先程作成したCloudflare Tunnelの編集に入り、「公開されたアプリケーション ルート」に進みます。
「公開されたアプリケーション ルートを追加する」をクリックします。
ホスト名、サーバー内部からのアクセス先設定などを行います。

ドメイン部分は自分の環境に合わせて設定してください。Cloudflareで管理しているドメインを選択可能です。
ここまでで、Cloudflare Tunnel経由で、Nginxの20001ポートにアクセスできるようになりました。
この状態だと、アクセス制限無しで誰でもアクセスできてしまうので、次にアクセス制限をかけます。
アプリケーションに適用するアクセス制限を、ポリシーという形で定義します。
ZeroTrustのダッシュボードから、「Access コントロール > ポリシー」に進み、「ポリシーを作成する」をクリックします。

画像のように、許可したいユーザーの条件を設定します。画像の場合は、[email protected]、[email protected]というメールアドレスを許可するmemberというポリシーを作成しています。
先程追加した「公開されたアプリケーション ルート」は、ただのドメインのついたトンネルです。Zero Trust的なアクセス制限は適用されていません。
そのドメインを「アプリケーション」として登録し、ポリシー適用することで、Zero Trust的なアクセスが可能になります。
「Access コントロール > アプリケーション」に進み、「アプリケーションを作成する」をクリックします。

アプリケーションの種類は、「セルフホスト」を選択します。
「パブリックホストを追加」をクリックすると、ドメインを入力するフォームが出現するので、先程の公開したドメイン(Cloudflare Tunnelのドメイン)を入力します。
Access ポリシーの部分で、先程作成したポリシーを選択します。「既存のポリシーを選択」から追加可能です。

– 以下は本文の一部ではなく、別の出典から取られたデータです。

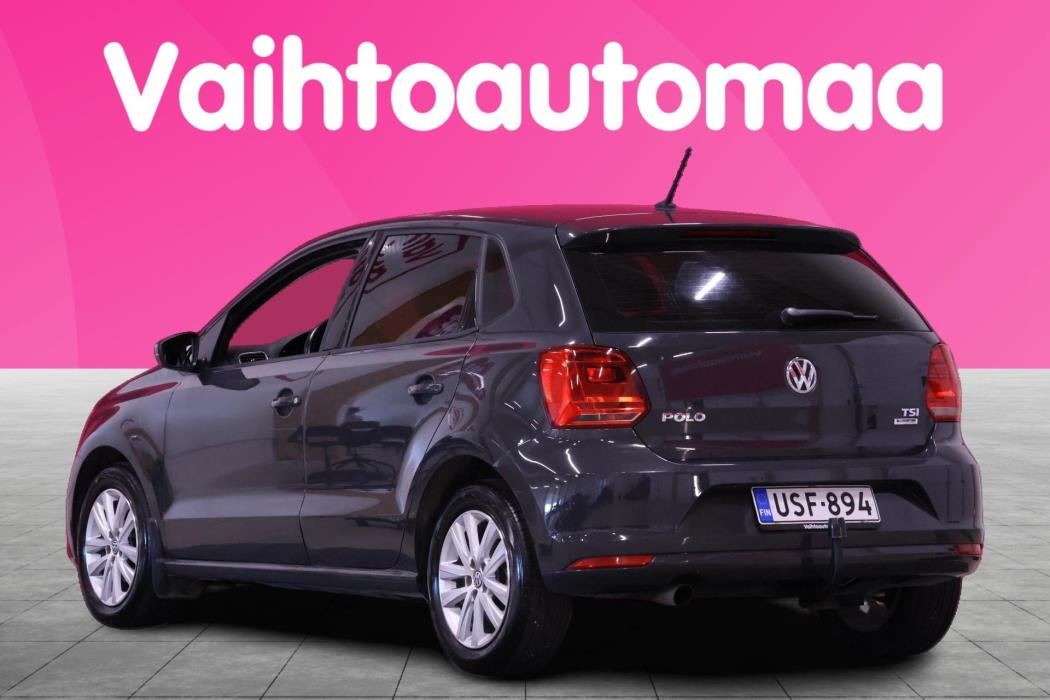 VOLKSWAGEN Polo 2015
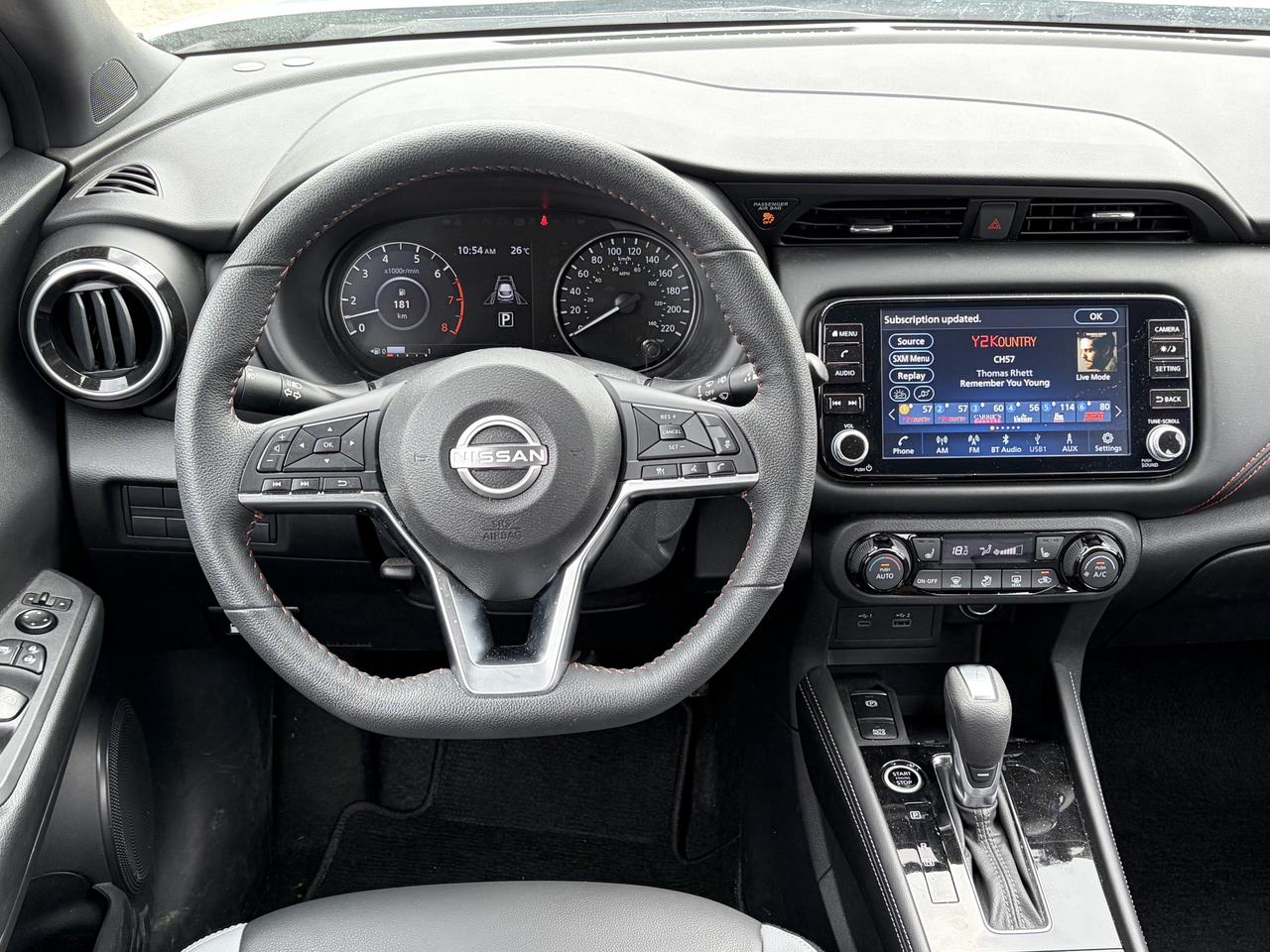 2024 Nissan Kicks SR   Premium Pkg.   Leather   Heated Seats Photo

ログイン方法の部分で、GithubやGoogleなどのIDプロバイダーを選択します。「利用可能なすべてのIDプロバイダーを受け入れる」をオンにすると、すべてのIDプロバイダーから選択的に利用可能になります。
最初のページ以外は、ランチャーの設定などです。好きに設定してください。
secret-raw.domain.tldにアクセスしようとすると、以下のようなページに遷移します。

githubを選択すると、githubでの認証画面に移ります。

githubの認証が完了すると、メールアドレスの情報がCloudflareに渡されます。そのペイロードをもとに、パブリックホストのアクセス権限時に作成したルール、ポリシーに従ってアクセス可否が判断されます。
※ 謎のドメイン隠しが多くて申し訳ないです。今年に入ってすぐあたりに、仲間内でセキュリティ的に問題があったため、一応隠しています。

異なるメールで認証してみて、アクセスできないことも確認しておいたほうがいいです。
これでサーバー内部向けに公開しているVHに、Cloudflare Zero Trust経由でセキュアにアクセスできるようになりました。